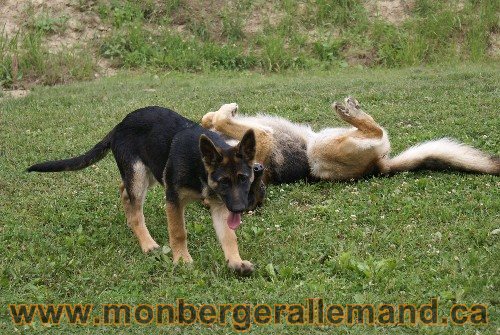 Photo berger Allemand Elevage de lignée de Champion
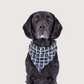 Dog Bandana - Navy Check Print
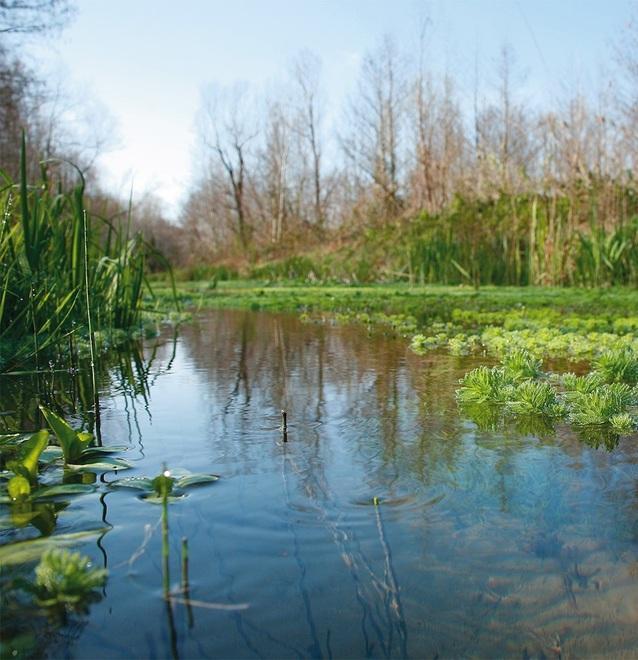 Giornate Fai alla riscoperta del lago di Porta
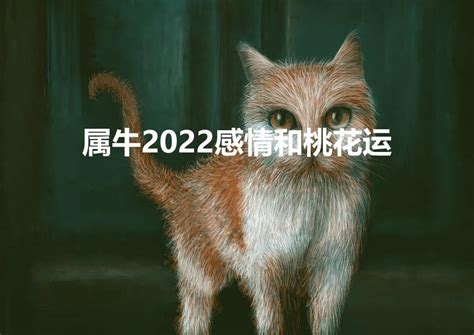 金牛座2022年全年运势如何_金牛座2022年全年运势详解,第3张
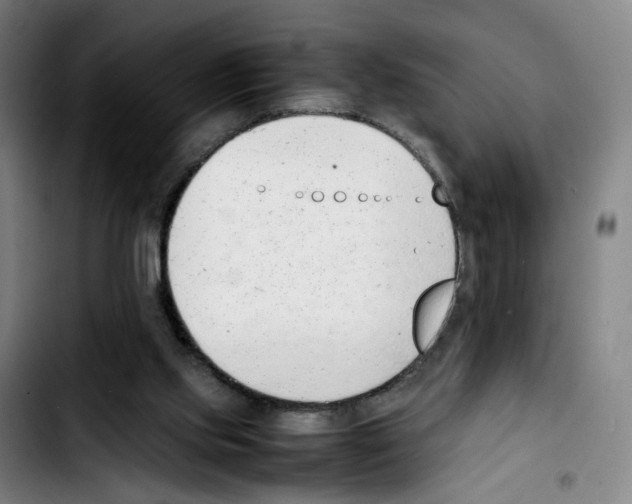 X0000103450061200810241155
*-*-*
Here the job is to quote the lines from the one with "金牛座2022年全年运势如何_金牛座2022年全年运势详解,第3张" through the end of the material, both included, exactly; please skip the pictures.

Solution for this exercise:
 金牛座2022年全年运势如何_金牛座2022年全年运势详解,第3张
 X0000103450061200810241155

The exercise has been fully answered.